I will rename this folder pong-nips
:
mv ~/deep_q_rl/pong__xx-xx-xx-xx_xxxxxx_xxxx ~/deep_q_rl/pong-nips
Playing on Cartesius
After about a day you should have a trained network for your game. (For the nature paper it takes about 4 to 5 days on Cartesius) Let’s watch it play! Log in to your SURFsara account through the terminal like this:
ssh -CY username@cartesius.surfsara.nl
Note that you have to be connecting from a whitelisted IP-address. You can send an e-mail to their helpdesk to get your IP whitelisted.
Make a .theanorc
in your Cartesius home directory containing the following:
[global]
floatX = float32
device = gpu
allow_gc = False
We also need to make a sleepjob.sh
file in order to reserve a GPU node to later execute python code on:
#!/bin/bash
#SBATCH -p gpu
#SBATCH -N 1
#SBATCH -t 1:00:00
sleep 1200
All this does is sleep and reserving a node for us to work on. Next, run it:
sbatch sleepjob.sh
Now go to:
cd ~/deep_q_rl/deep_q_rl/
vim ale_run_watch.py
Because we trained using the run_nips.py
file we also need to run it with that file so make the change:
:s/run_nature/run_nips/
:wq
Now run squeue
to get the node where sleepjob.sh
is running on:
squeue -u username
This returns:
JOBID PARTITION NAME USER ST TIME NODES NODELIST(REASON)

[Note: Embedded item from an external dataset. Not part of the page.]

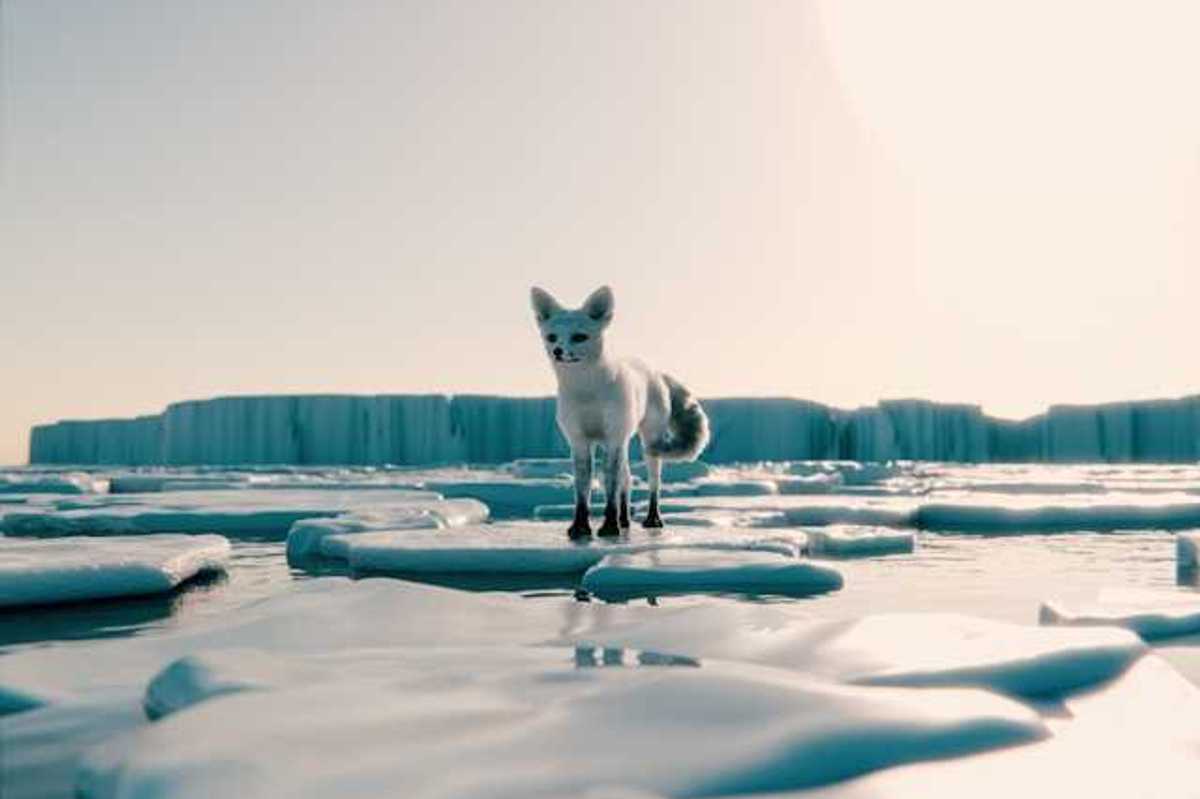 An Arctic fox standing on an ice floe with an iceberg in the background
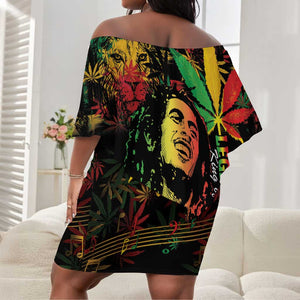 King Of Reggae Legend Bob Off Shoulder Short Dress Rasta Cannabis - African Pride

2099600 gpu sleepjob username R 00:00:05 1 gcn18
And we need gcn18
. Now ssh with -CY parameters into this node:
ssh -CY gcn18
Now load the modules necessary:
module load cuda cudnn torch7 opencv/gnu/2.4.10 python/2.7.11
And run the file:
cd ~/deep_q_rl/deep_q_rl/
python ale_run_watch.py ../pong-nips/network_file_99.pkl
And voila, you can see your trained network playing Pong!!!
To see a graph with training stuff run:
python plot_results.py ../pong-nips/results.csv
Which gives:
To visualize the filters in the first layers of the trained network:
python plot_filters.py python ../pong-nips/network_file_99.pkl
which gives:
Doing transfer learning
Let’s do some transfer learning!!!
Method 1: Train a trained network
Let’s see what happens if we take our trained Pong network and just keep training it, but on a different game. We will first train it to play Breakout.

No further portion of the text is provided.